Cue the Jaws theme music. Just when you thought the waters were safe and those sharks from the US Department of Labor had stopped feeding on the overtime regs, they’ve resurfaced ready to take another bite out of employers’ wallets. Where are those Texas federal judges with their judicial harpoons when we need them?
We suspect that you will remember what a mess this was throughout 2015 and 2016, when employers were scrambling to either reclassify managers as non-exempt, opening the door to significant overtime costs or giving them substantial raises to avoid their eligibility for OT. And we had to do all that freaking math to figure out which was the most economically efficient way to go. We don’t like doing math! Then on the evening of November 28, 2016, only days before the new regulations were to become effective (cue the suspense music), an out of control, wild and crazy federal judge in the Eastern District of Texas enjoined the whole deal and we never heard about it again. Until now.

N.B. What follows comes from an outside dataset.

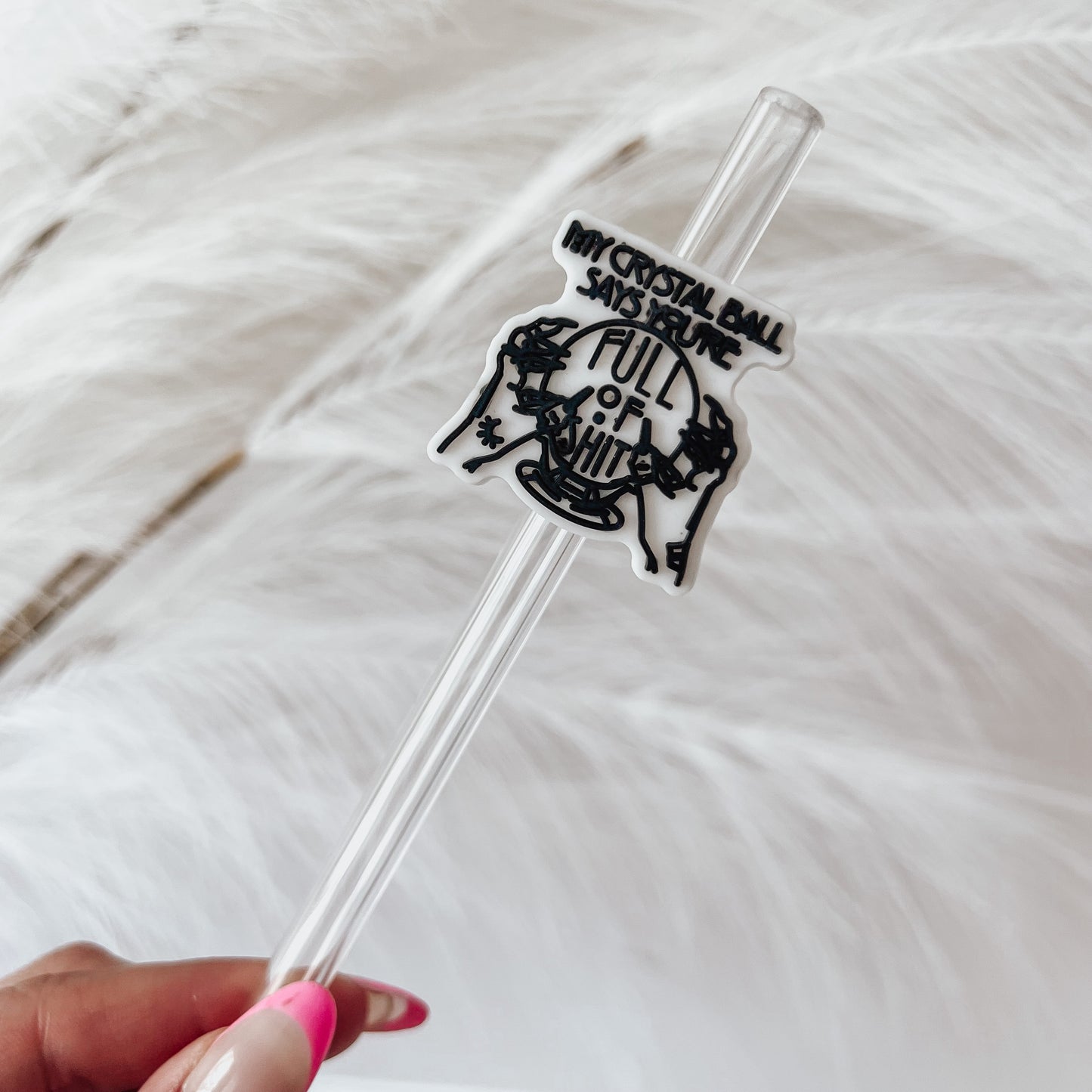 My Crystal Ball Straw Charm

The plan that was scrapped would have raised the salary requirement for exemption from OT to $47,476 from the then and still reigning $23,660. Keep in mind that there is also a duties test that requires that to qualify for the exemption, employees must have management-like responsibilities, and/or discretion to make decisions of significance or the power to hire and fire (and a bunch of things that we can explain if you really want to know). Getting this wrong can be costly though because those state and federal DOLs love these misclassification cases; they’re easy to prove and money in the bank for the employees and government treasuries.

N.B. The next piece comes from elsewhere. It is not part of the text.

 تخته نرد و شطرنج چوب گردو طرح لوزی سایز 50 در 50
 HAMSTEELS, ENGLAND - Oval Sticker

Just ask Bloomberg, which late last year learned the hard way, settling a class action with its Analytics Representatives for $54.5 million. The financial information company classified as exempt from overtime, the Analytics Reps who assist clients online in the use of the Bloomberg Terminal, a software system that allows users to access and analyze financial data. In a similar case, JP Morgan took a $16.7 million hit from its Assistant Branch Managers. Both cases highlight the common misconceptions that white collar positions are exempt from OT if they require some degree of thought and analysis, have a fancy job title, or simply because a salary is paid.

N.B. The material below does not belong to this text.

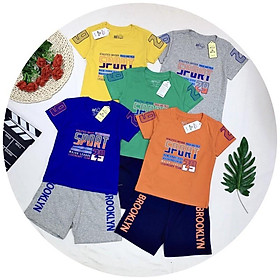 Bộ cotton bé trai BB angel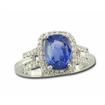 18KW Ceylon Sapphire/Diamond Ring : RSCUNH685QI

The new OT rules, likely to become effective January 2020, will increase the annual qualifying salary for the exemption to $35,308 ($679 a week). There is also a highly compensated employee exemption for employees who currently have a salary of $100,000 or more. That threshold will increase to $147,414. Just so we don’t get bored with the same old numbers, the rule also provides for increases every 4 years. And if you do like math, the new law allows employers to apply non-discretionary bonuses, incentives and commissions, to account for up to 10% of an employee’s income to determine if they meet the exemption threshold. So if a manager’s salary is $32,000 but they earn $3,400 in bonuses, they will be exempt from overtime. The rule also allows a one-time catch up payment of no more than 10% of the threshold ($3,530.80) at the end of the year to make the employee exempt if the incentive pay does not get them there. But what happens if that employee regularly works 45 hour weeks throughout the year before they’ve earned any incentives and he/she ultimately doesn’t meet the threshold? Can the employer make retroactive OT payments without penalty? Excellent question. Thanks for asking. Yeah, the DOL doesn’t have an answer….at least not yet.
Now is a good time for you to assess which of your employees may be impacted by this likely change to the law. Then again, maybe there’s another federal judge in Texas just waiting to derail this plan. Even better, we can always hope that Matt Hooper (Richard Dreyfus) and Chief Brody (Roy Scheider) show up in time to blow up this new rule and make it safe for all of us to go back into the water this summer.